Wednesday, June 9, 2010

How to Help Kids Who See Ghosts

Months ago,  when I first started blogging,  a fellow blogger name autumnforest offered her advice and support to me as a novice.   She suggested blog topics for me and offered me many helpful tips.  Her blog,  Ghost Hunting Theories, is very popular and I wanted to take all her advice.  One of her first suggestions was that I use my background in psychology to address how to help children with paranormal encounters.

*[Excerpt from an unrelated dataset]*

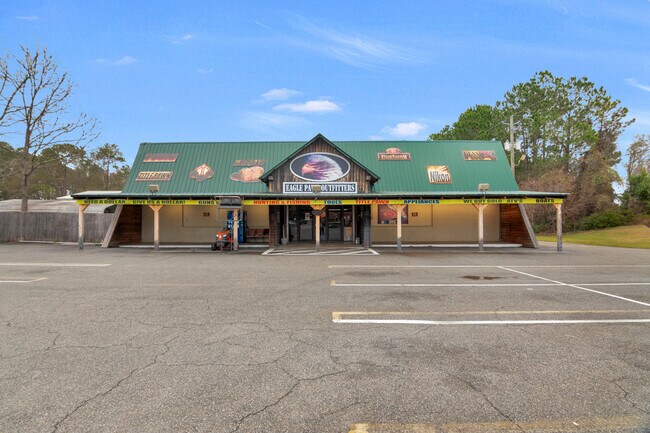 Plus de détails pour 2023 Memorial Dr, Waycross, GA - Local commercial à vendre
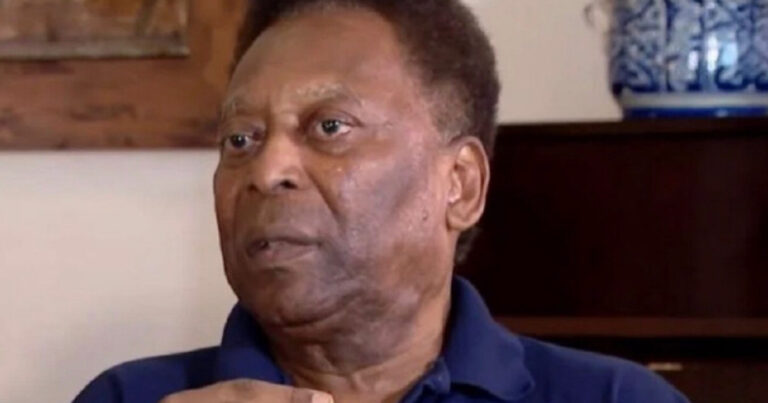 Tratando câncer, Pelé é acusado de ser o pai biológico de mulher desconhecida; Justiça determina exame de DNA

I wasn't sure what to make of this idea.  I have worked in child therapy for a couple of years and although I don't anymore,  I never once saw a child that that said this was an issue.  It was possible this is because parents always tell children there is no such thing as ghosts.  This is the only acceptable answer for most adults whose children are afraid of ghosts.  Whatever the reason,  I had no answer for autumnforest's question of how to address children who see ghosts and after years of school I had to have some research to support anything I had to say.

Recently, I have found a wonderful book called Kids Who See Ghosts.  The book is written by Caron B. Goode and is very well researched and shows that she has a deep knowledge of child psychology, neuropsychology, and parapsychology.  In her book,  she carefully integrates research with case studies and stories told by adult psychics who had encounters with ghosts as children to create a picture of the best way to address children who see ghosts and have a fear of them.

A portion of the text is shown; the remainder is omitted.